Die Turnier-Variance ist brutal, auf eine Weise, die Cash-Spieler nie erleben. Hier erfährst du, warum 50+ Buy-Ins das Minimum sind, nicht Paranoia – und warum eine zu geringe Bankroll über eine ausreichend lange Stichprobe mathematisch garantierte Insolvenz bedeutet.

Du kannst ein wirklich gewinnender Turnierspieler sein – positiver ROI, solide Grundlagen, gute Entscheidungen unter Druck – und trotzdem pleitegehen. Nicht weil du schlecht gespielt hast. Sondern weil du unter-bankrolled warst und die Variance genau das getan hat, was Variance tut.
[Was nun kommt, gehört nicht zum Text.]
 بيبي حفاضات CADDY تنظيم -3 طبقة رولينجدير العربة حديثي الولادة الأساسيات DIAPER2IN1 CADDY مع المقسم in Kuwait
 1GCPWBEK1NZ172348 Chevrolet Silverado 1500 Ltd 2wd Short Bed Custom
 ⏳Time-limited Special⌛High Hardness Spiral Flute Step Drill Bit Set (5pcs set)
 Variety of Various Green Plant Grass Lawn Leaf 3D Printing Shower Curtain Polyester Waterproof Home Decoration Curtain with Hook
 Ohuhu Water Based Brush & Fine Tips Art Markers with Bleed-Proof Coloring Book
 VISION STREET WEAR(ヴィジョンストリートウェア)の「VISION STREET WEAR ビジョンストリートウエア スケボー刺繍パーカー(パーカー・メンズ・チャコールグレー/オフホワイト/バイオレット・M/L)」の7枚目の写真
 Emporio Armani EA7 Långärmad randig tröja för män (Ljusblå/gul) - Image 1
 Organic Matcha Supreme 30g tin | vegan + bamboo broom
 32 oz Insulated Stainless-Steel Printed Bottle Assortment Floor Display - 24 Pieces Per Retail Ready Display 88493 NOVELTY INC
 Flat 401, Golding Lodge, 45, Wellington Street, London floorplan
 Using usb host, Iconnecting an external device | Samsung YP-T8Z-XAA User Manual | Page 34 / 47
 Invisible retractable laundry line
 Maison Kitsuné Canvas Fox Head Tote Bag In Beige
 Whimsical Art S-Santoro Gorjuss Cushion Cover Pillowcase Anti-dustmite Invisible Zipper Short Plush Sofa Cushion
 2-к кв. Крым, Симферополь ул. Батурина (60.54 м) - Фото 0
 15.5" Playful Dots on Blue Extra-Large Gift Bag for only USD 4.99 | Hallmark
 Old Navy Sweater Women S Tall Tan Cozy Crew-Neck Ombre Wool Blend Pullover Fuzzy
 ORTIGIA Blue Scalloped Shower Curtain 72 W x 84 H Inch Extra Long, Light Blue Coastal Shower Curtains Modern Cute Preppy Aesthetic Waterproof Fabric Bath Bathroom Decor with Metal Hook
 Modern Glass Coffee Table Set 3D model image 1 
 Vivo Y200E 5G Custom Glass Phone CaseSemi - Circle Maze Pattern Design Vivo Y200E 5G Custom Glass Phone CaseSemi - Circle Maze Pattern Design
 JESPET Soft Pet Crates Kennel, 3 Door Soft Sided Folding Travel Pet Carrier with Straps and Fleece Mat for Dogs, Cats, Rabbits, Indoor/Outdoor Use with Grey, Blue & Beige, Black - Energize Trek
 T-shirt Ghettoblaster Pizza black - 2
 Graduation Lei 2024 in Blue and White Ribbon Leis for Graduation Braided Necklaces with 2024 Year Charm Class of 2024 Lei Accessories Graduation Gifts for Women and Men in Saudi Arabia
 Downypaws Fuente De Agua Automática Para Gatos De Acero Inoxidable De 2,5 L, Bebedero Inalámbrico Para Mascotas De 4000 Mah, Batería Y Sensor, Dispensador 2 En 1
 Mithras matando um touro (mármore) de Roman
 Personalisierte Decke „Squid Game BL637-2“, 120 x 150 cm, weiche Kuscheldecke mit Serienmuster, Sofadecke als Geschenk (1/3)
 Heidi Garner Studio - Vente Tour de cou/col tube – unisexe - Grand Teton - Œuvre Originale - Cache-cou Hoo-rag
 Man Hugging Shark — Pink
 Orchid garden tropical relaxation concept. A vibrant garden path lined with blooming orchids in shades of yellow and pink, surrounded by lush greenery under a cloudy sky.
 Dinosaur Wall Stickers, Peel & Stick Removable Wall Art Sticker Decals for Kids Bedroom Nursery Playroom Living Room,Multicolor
Dieser Satz klingt für die meisten neueren Spieler wie ein Widerspruch. Ist er aber nicht. Er ist das Wichtigste, was du über das Geldmanagement in Turnieren verstehen musst, und der Grund, warum der Standardrat für MTTs (Multi-Table Tournaments) so viel konservativer ist als der Rat, den sich Cash-Spieler gegenseitig geben. Ein Cash-Grinder, der mit 30 Buy-Ins tief in der Bankroll agiert, handelt verantwortungsbewusst. Ein Turnierspieler, der mit 30 Buy-Ins tief in der Bankroll agiert, ist nur einen normalen Downswing davon entfernt, von Grund auf neu aufzubauen.

Dieser Leitfaden erklärt, warum die Zahlen so sind, wie sie sind. Nicht nur "halte 50 Buy-Ins" als Gebot, sondern woher diese Zahl kommt, wie Feldgröße und ROI sie verändern und wie man eine Bankroll über die Zeit tatsächlich verwaltet – Move-Downs, Shot-Takes und das Konzept, das alles zusammenhält: Risk of Ruin.

Warum Turnier-Variance ein anderes Kaliber ist

Variance ist lediglich die statistische Streuung deiner Ergebnisse um deine wahre Erwartung. Sowohl Cash Games als auch Turniere haben sie. Aber die Form der Turnier-Variance ist aus drei strukturellen Gründen grundsätzlich unangenehmer.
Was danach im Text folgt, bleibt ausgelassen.